Auch Politikwissenschaftler Steffen Kailitz vom Hannah-Arendt-Institut für Totalitarismusforschung kritisierte das Vorhaben. Mit dieser Einladung honoriere man die rechten Krawalle in Bautzen. Das würde in der rechtsextremen Szene die Ansicht befördern, dass man nur mehr Krawall anzetteln müsse, um gehört zu werden. So entstehe durch Gewalt ein "Erpressungspotenzial".
Ähnliche Kritik wie Harig hatte auch der Bautzener Oberbürgermeister Alexander Ahrens nach einem Treffen mit Mitgliedern rechter Gruppierungen einstecken müssen.
Harig wehrt sich
Harig verteidigte sein Vorgehen gegenüber MDR SACHSEN. Er treffe sich mit einem Bürger des Landkreises Bautzen, wie es seine Aufgabe sei. Die Anfrage Wrucks sei schriftlich und in "gutem und höflichem Ton" eingegangen. Und das noch bevor Wruck zum NPD-Kreisvorsitzenden gewählt wurde. Außerdem müsse der Konflikt mit Menschen rechter Gesinnung durch Gespräche aufgelöst werden. Man könne die Probleme nicht "wegignorieren".

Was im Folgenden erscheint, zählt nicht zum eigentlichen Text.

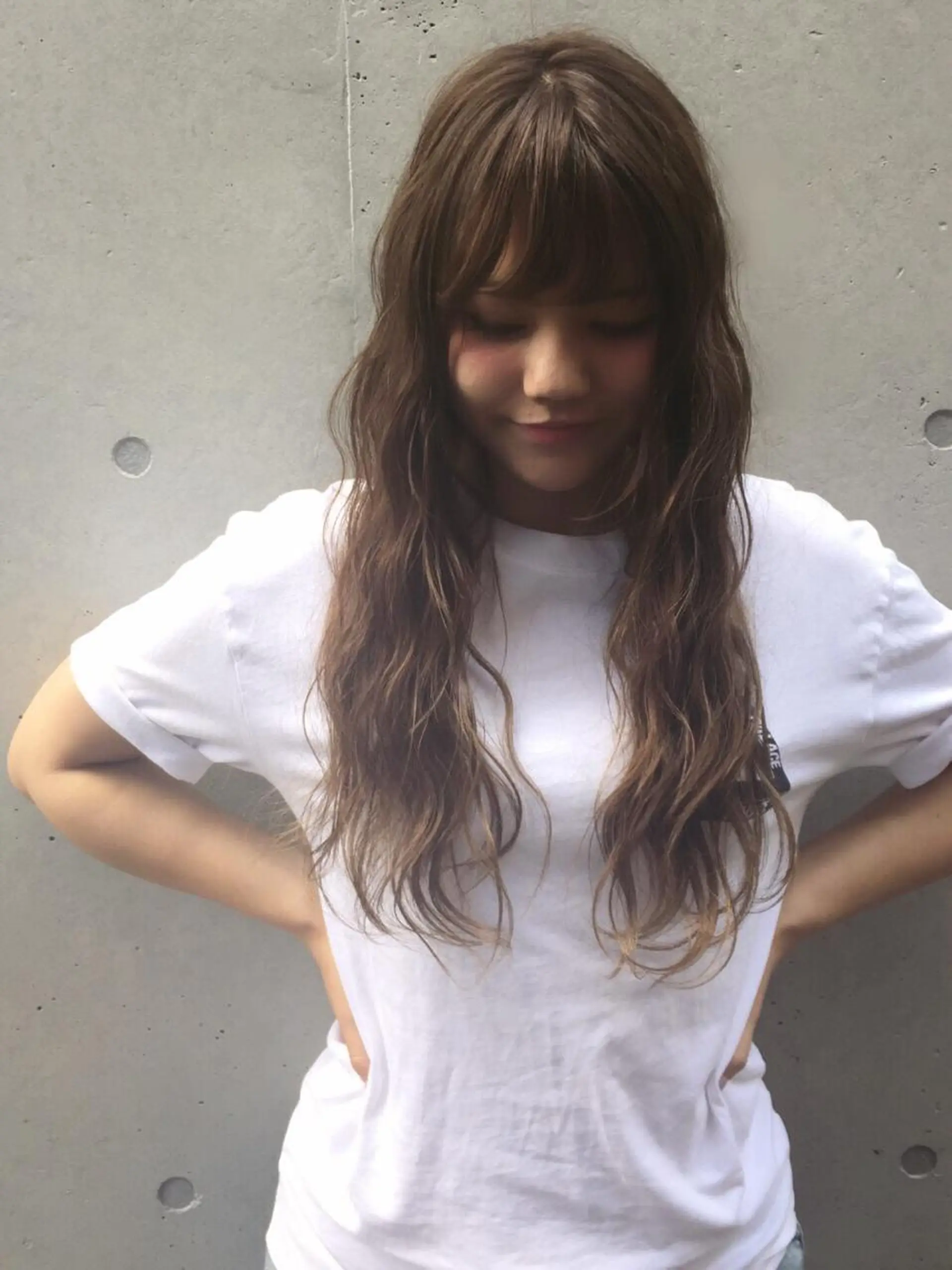 ロング 🌈透明感カラー🌈 ✨飛田　ケイのヘアスタイル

Er wolle nach den Beweggründen der Rechten fragen und die richtigen Gesprächsthemen ausloten, "um die Situation zu normalisieren", so Harig. Der Gesprächsfaden reiße erst ab, wenn er den Eindruck bekäme, weitere Gespräche lohnten sich nicht. Egal wie das Verbotsverfahren der NPD ausgehe, die Ansichten der Leute würden damit nicht verschwinden, sagte der Politiker. Sachsens CDU-Generalsekretär Michael Kretschmer ergänzte, ein Treffen sei nicht falsch, nur weil "grüne Oppositionspolitiker gleich rumschreien". Harig sei ein erfahrener Demokrat und wisse, was er tue.

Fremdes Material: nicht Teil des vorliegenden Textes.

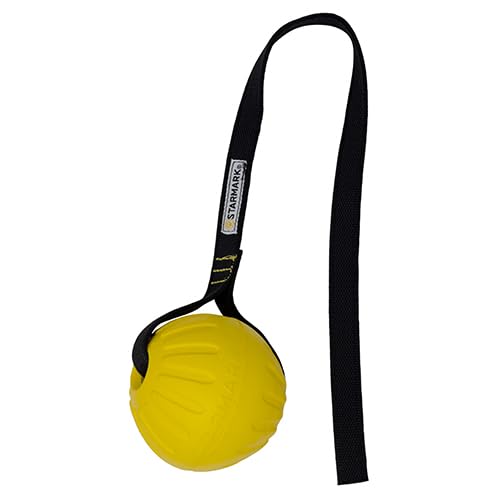 Starmark STA21-CP Ball klein 7 cm mit flachem Seil aus Durafoam Professional für Hundetrainer von Gappay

Auch der Bautzner SPD-Politiker Roland Fleischer unterstützt Harig. Der Landrat habe sich in den letzten Jahren immer gegen rechte Tendenzen gewehrt. Zudem sei es nötig, "den Leuten ins Gesicht zu sagen, was man von ihnen hält." Das Gespräch sei daher legitim.
Wruck: Zehn Monate Haft wegen Betrugs
Wruck sagte im Gespräch mit dem MDR, er wolle mit dem Landrat
verschiedene sozialpolitische Punkte erörtern, darunter die Einhaltung
des Jugendschutzes. Es sei problematisch, wenn Minderjährige auf der
"Platte" bis in die Nacht Alkohol trinken, unabhängig von ihrer
Nationalität. Auf Facebook schrieb er zudem, er werde nicht zulassen,
dass der letzte Anschlag gegen ein Asylbewerberheim in Bautzen "auf die rechte Szene geschoben wird".
In
der rechten Szene ist Wruck als Wortführer der Gruppe "Sachsen wehrt
sich" bekannt. Er hatte am 9. September auf dem Bautzner Kornmarkt eine
Demonstration unter dem Motto "Resignation statt Immigration"

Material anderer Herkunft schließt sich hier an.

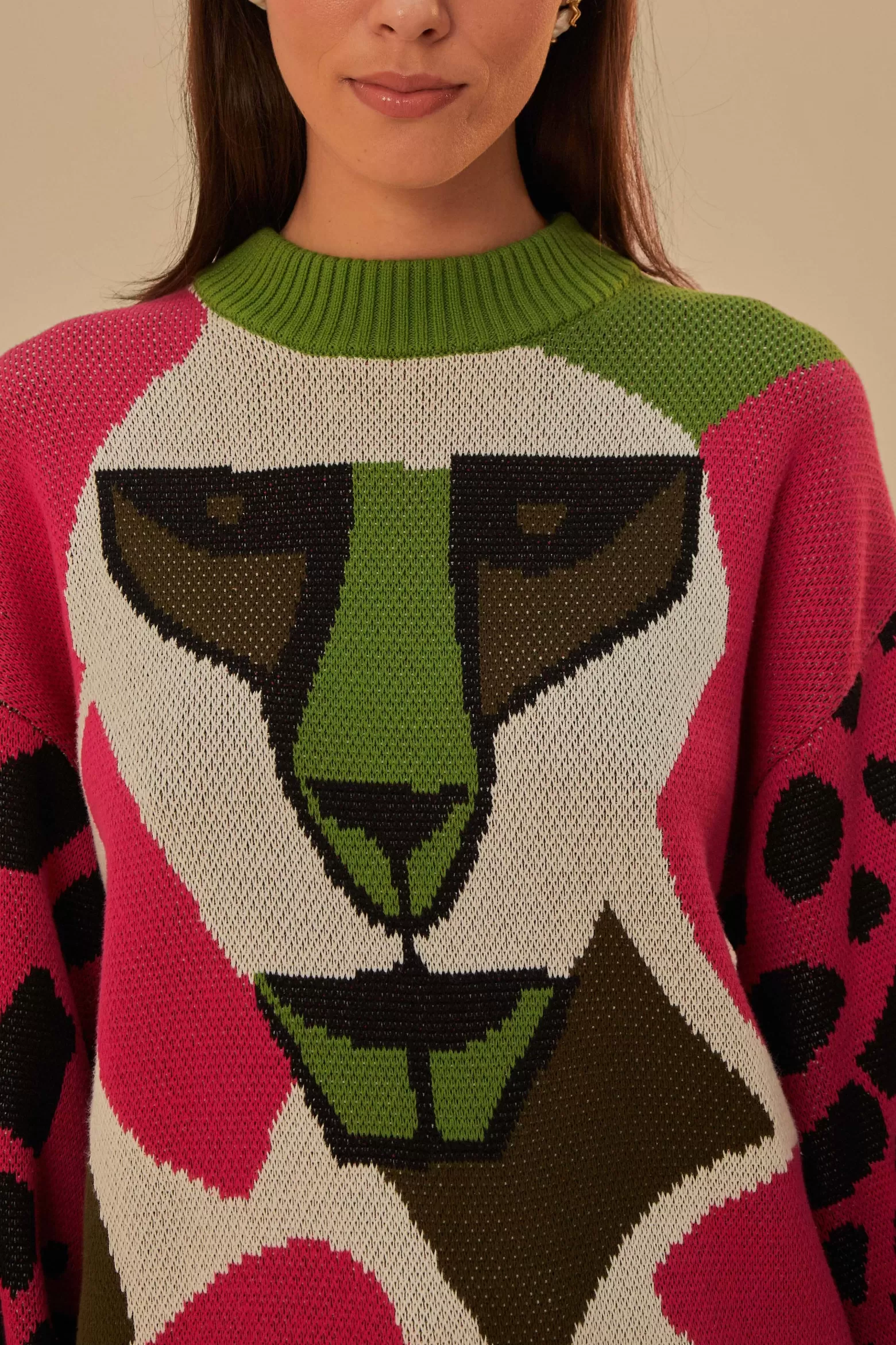 Discount FARM Rio  ONCA KAMBOZISTICA KNIT SWEATER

angemeldet. Fünf Tage danach war die Situation in Bautzen eskaliert.
Zum Hintergrund Wrucks gehört nach Angaben der Staatsanwaltschaft
Görlitz auch eine zehnmonatige Gefängnisstrafe wegen Betrugs. Das urteil
fiel 2014.
Dem MDR sagte der NPD-Kreischef, er distanziere sich nicht von den Ausschreitungen und toleriere, "dass die Leute sich wehren" und "Zeichen setzen". Die Ausschreitungen auf dem Kornmarkt Mitte September hatten bundesweit für Schlagzeilen gesorgt.